Crawled caption data
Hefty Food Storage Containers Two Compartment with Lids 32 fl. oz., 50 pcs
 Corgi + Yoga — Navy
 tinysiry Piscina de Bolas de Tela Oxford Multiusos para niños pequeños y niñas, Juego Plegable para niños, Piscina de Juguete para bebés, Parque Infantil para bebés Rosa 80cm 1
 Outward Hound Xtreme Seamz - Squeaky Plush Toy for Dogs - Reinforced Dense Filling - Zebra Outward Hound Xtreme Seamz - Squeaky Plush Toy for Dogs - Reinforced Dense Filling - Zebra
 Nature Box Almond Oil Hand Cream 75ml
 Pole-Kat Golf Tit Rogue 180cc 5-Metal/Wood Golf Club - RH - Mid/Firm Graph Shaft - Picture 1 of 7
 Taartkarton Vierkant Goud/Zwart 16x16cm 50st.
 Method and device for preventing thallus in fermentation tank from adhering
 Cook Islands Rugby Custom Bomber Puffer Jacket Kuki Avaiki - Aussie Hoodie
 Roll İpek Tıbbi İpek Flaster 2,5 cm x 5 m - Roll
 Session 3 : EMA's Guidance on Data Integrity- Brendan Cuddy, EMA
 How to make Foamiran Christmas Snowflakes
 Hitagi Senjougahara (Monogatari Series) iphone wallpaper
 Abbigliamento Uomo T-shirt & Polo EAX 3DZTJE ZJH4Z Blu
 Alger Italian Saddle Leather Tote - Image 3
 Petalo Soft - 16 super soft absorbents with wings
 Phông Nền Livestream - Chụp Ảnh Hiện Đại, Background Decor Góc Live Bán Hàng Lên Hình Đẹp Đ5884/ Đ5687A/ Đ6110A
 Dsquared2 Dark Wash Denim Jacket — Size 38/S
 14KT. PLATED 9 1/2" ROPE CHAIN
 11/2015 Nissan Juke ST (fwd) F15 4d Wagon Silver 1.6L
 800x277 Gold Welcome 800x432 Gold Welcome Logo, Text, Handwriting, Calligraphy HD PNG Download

**REQUIRED WORK**.
All lines of the data above that include the word "Jacket" must be shown.

**RESPONSE**.
 Cook Islands Rugby Custom Bomber Puffer Jacket Kuki Avaiki - Aussie Hoodie
 Dsquared2 Dark Wash Denim Jacket — Size 38/S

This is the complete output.